Si le prix de 420 dollars par titre s'avère correspondre à la cotation, Elon Musk devra ainsi assumer une valorisation de 71,6 milliards de dollars, à ce jour le montant le plus élevé jamais obtenu pour une telle opération. Le constructeur automobile américain, endetté à hauteur de 10,9 milliards de dollars, n'a pourtant encore jamais prouvé sa capacité à gagner de l'argent sur une année entière. Les finances s'avèrent en effet tendues pour Tesla, puisque le groupe a perdu près de 2 milliards de dollars en 2017 et dépensé 1,8 milliard de dollars en investissements à ce stade de l'année. Le groupe mise gros sur le succès de son dernier-né, le Model 3, qui connaît d'importants retards de production. Tesla peut toutefois s'appuyer sur un point positif : la récente flambée du cours après l'annonce de son PDG sur une éventuelle sortie de la cote a porté l'action à une dette convertible de 2,3 milliards de dollars, réduisant potentiellement les futures obligations de Tesla en termes de trésorerie.

Même si les analystes pensent que Tesla pourra difficilement supporter d'autres dettes, l'hypothèse d'un LBO (leveraged buy-out) a également été évoquée. Ce  montage financier permet à une holding créée spécialement de racheter une société en empruntant massivement de l'argent.

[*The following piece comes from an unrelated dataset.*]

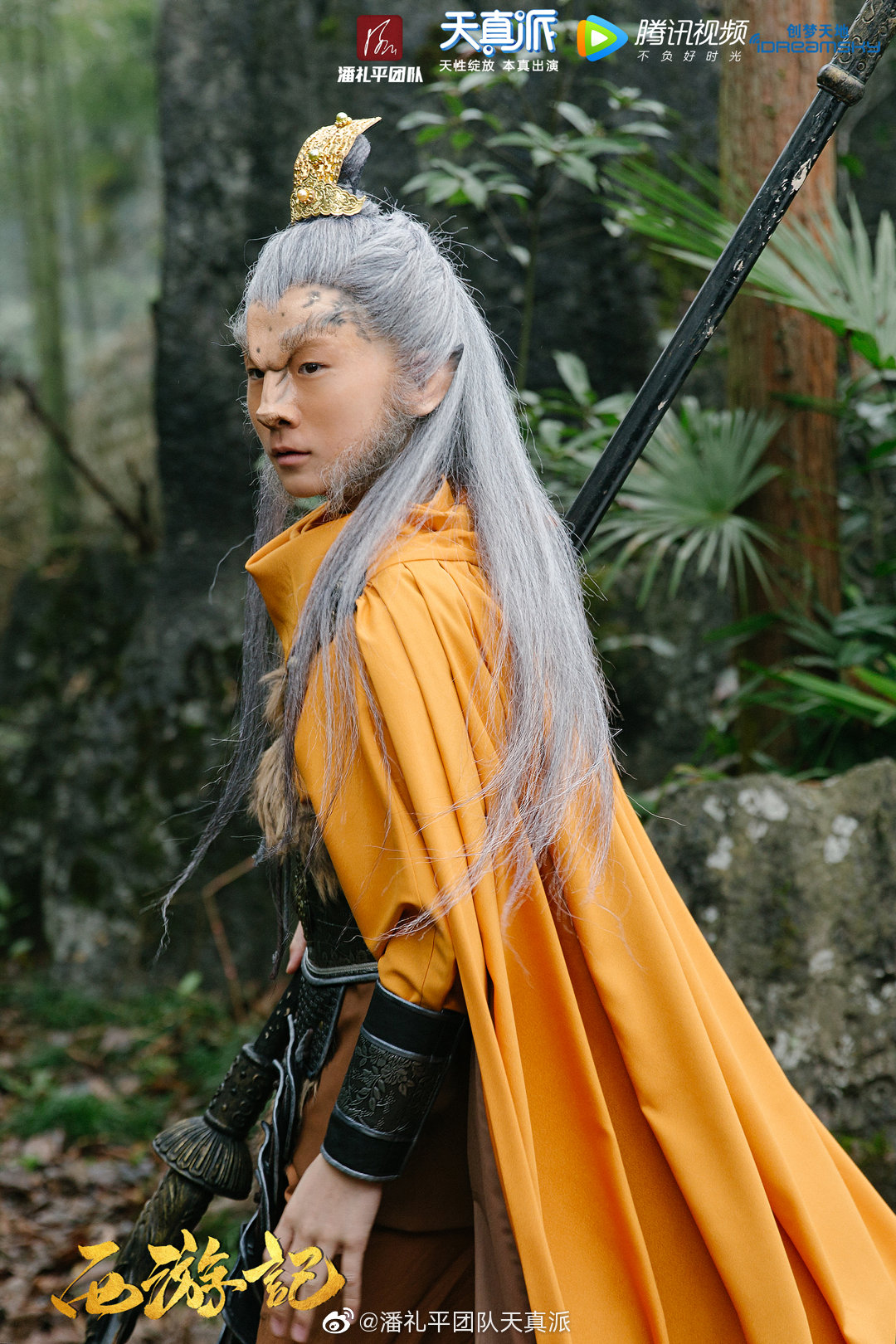 《天真派：西游记》海报第18张图片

Elon Musk campe sur ses positions et se dit certain que cette opération se fera. Il a même récemment retweeté un sondage mené par le site spécialisé Electrek, selon lequel les lecteurs seraient favorables à une sortie de Tesla de la Bourse.

Le patron du fabricant automobile prévoit déjà également la création d'un fonds spécifique pour les particuliers, notamment pour tous ses employés, qui détiennent actuellement des actions et souhaitent continuer d'investir dans Tesla. Les autres seront payés à hauteur de la cotation.